> **WHAT THIS TASK INVOLVES**: Copy out the entries that follow exactly, leaving out the pictures.

----- DATASET RECORDS

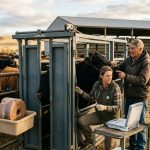 Mineral Deficiencies in Cattle: Signs & Solutions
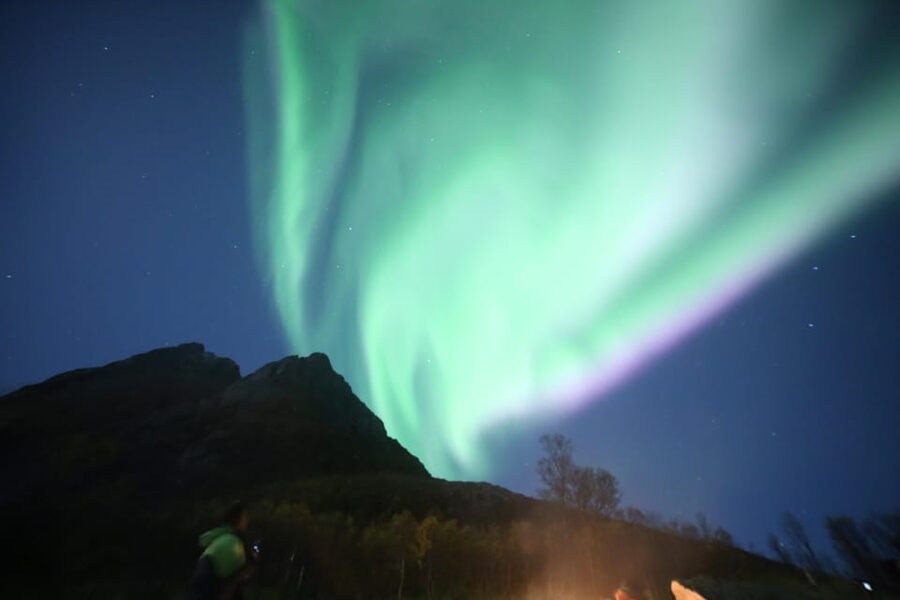 Aurora Optimum: Best 3-Night Forecast - The “high-tech chase” part: how guides use real-time information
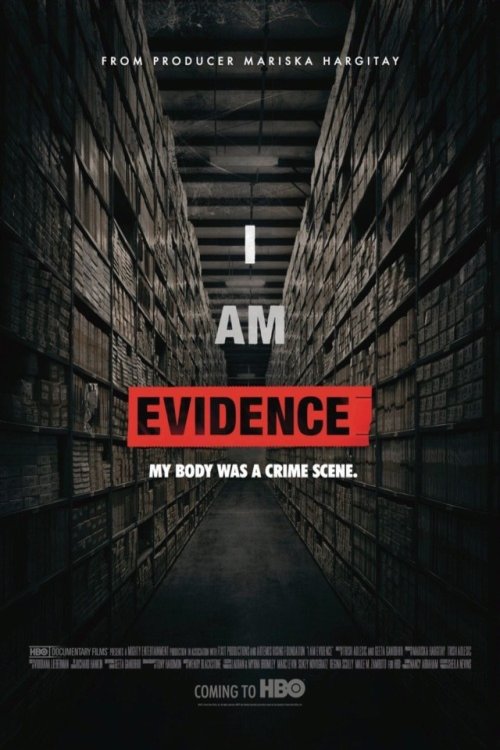 L'affiche du film I Am Evidence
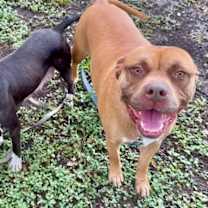 Thumbnail photo of Boston Bear itty bitty babe #3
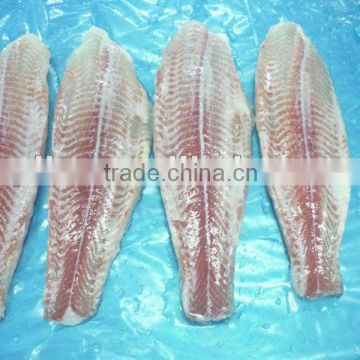 High Quality frozen basa fillet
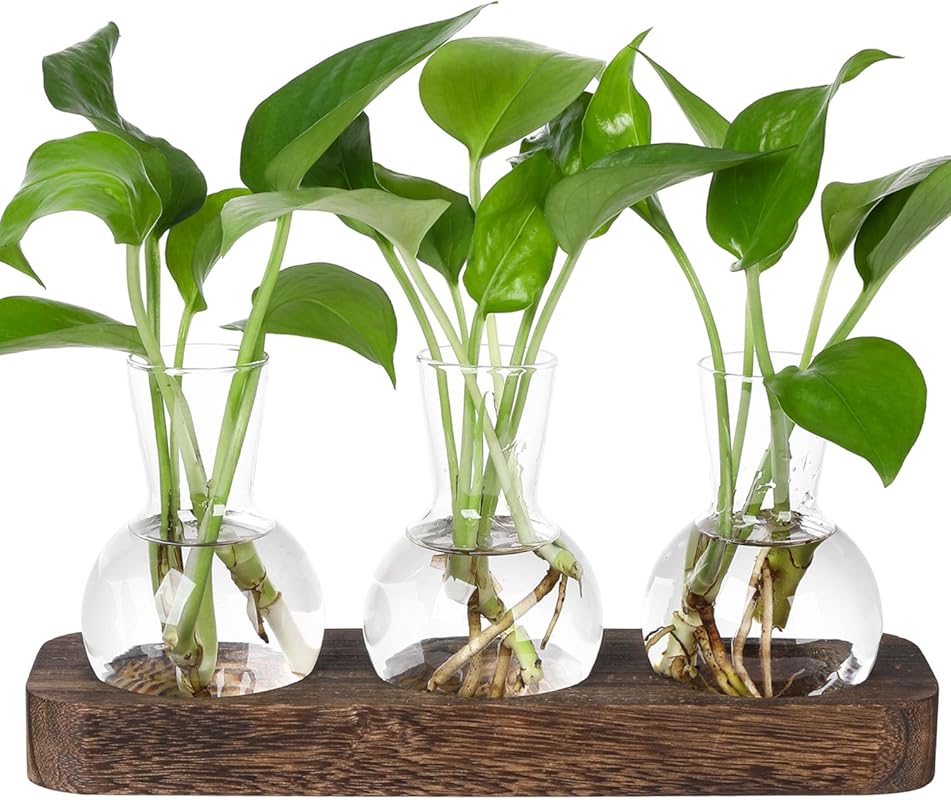 Plant Propagation Station with Wooden Stand for Hydroponic Plants and 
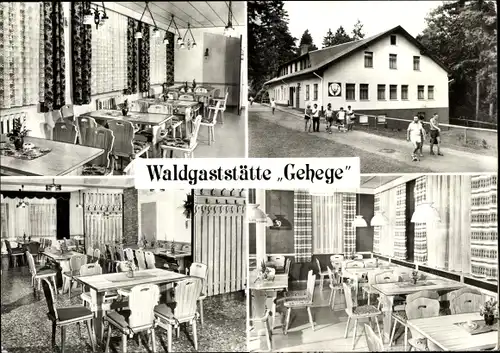 Ak Brotterode Trusetal in Thüringen, Waldgaststätte Gehege, Innen und Außen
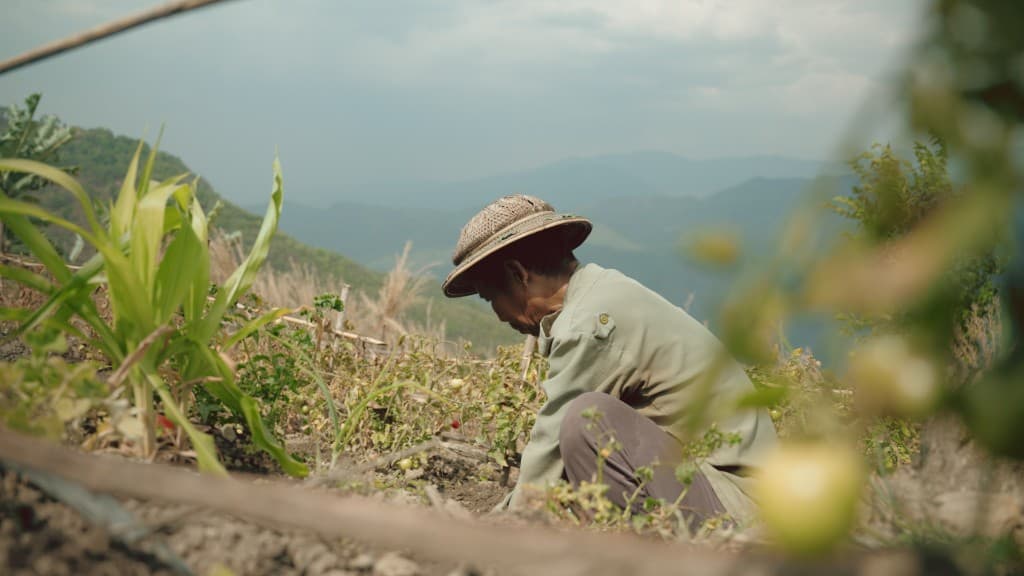 Green Refuge film still 7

----------

> **TASK SOLUTION**:
 Mineral Deficiencies in Cattle: Signs & Solutions
 Aurora Optimum: Best 3-Night Forecast - The “high-tech chase” part: how guides use real-time information
 L'affiche du film I Am Evidence
 Thumbnail photo of Boston Bear itty bitty babe #3
 High Quality frozen basa fillet
 Plant Propagation Station with Wooden Stand for Hydroponic Plants and 
 Ak Brotterode Trusetal in Thüringen, Waldgaststätte Gehege, Innen und Außen
 Green Refuge film still 7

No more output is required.